The vote was 396 to 27, with all of the opposition coming from Democrats, who tried unsuccessfully to extend the protections to the families of court employees. The action sent the measure to Mr. Biden for his signature.
The legislation, already approved by the Senate early last month, moved quickly through the House in recent days after an armed man was arrested last week near the Maryland home of Justice Brett M. Kavanaugh. The man told police that he had intended to kill the justice because he was angry about a leaked draft of a Supreme Court opinion that suggested the court was preparing to roll back abortion rights, and concerned that Justice Kavanaugh would vote to weaken gun laws in the wake of the mass shooting in Uvalde, Texas.
The draft abortion opinion has led to protests outside the homes of justices, and prompted police to erect a fence around the court building and take other steps to secure it.
“It is imperative that the justices are free from fear of violence or physical intimidation to make decisions based on the Constitution and law as applied to the facts of the case before them,” Representative Ted Lieu, Democrat of California, said of the justices as he urged approval of the legislation. “This is essential to the rule of law.”
Though members of both parties strongly backed the legislation, it sparked bitter political recriminations when Republicans accused House Democrats of slow-walking it, trying to intimidate the justices and failing to take seriously the threat to members of the court and their families.
“It should not have been this hard or taken this long,” Representative Kevin McCarthy of California, the House Republican leader, said on Tuesday. “It should not have taken a threat against Justice Kavanaugh to force action.”
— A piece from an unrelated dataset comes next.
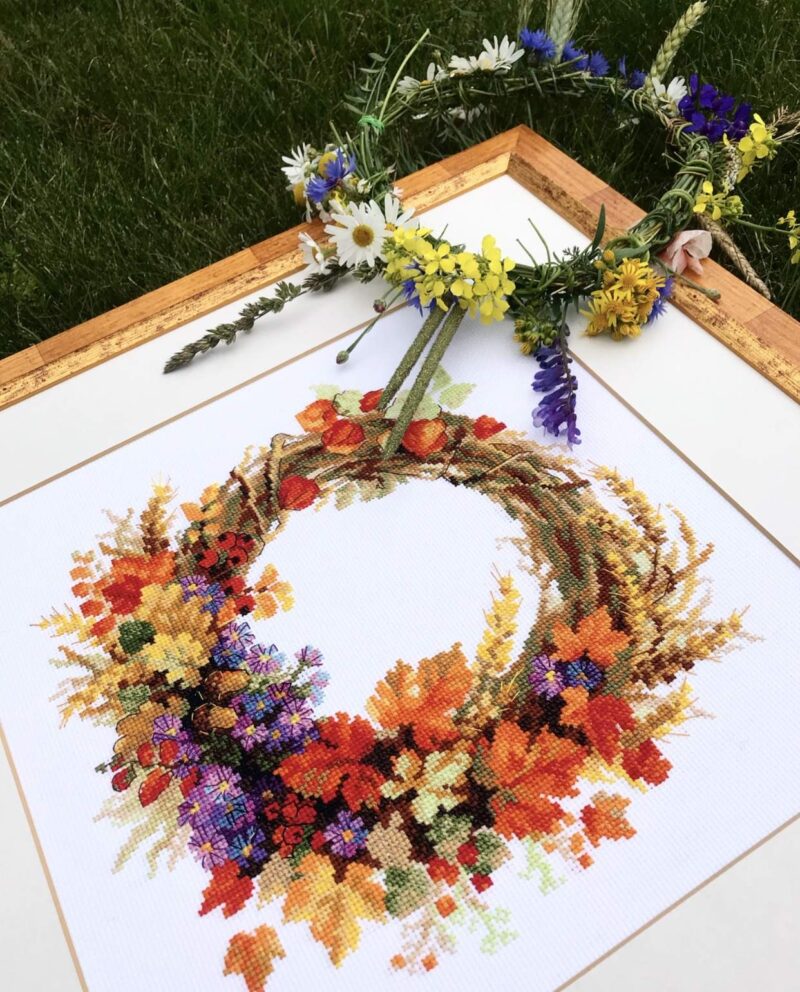 1537 Wreath with Wheat Cross Stitch Kit with Aida - Image 6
Democrats said they wanted to add protection for clerks and other workers at the court who might also be at risk of violence, but Republicans said that would be onerous and was unnecessary because the workers are relatively little known to the public. Senate Republicans said they would oppose the measure if the House expanded it.
“That could include round-the-clock security details for everyone from clerks to IT staff and their spouses, children, siblings and parents,” said Senator John Cornyn, Republican of Texas and an author of the legislation along with Senator Chris Coons, Democrat of Delaware. Mr. Cornyn called the House’s position a stalling tactic.
But Democrats said the identities of some personnel at the court besides the justices have been publicly disclosed and that they merited the same consideration as the justices and their families. After the draft abortion decision leaked last month, there was much public speculation about whether specific clerks could be to blame.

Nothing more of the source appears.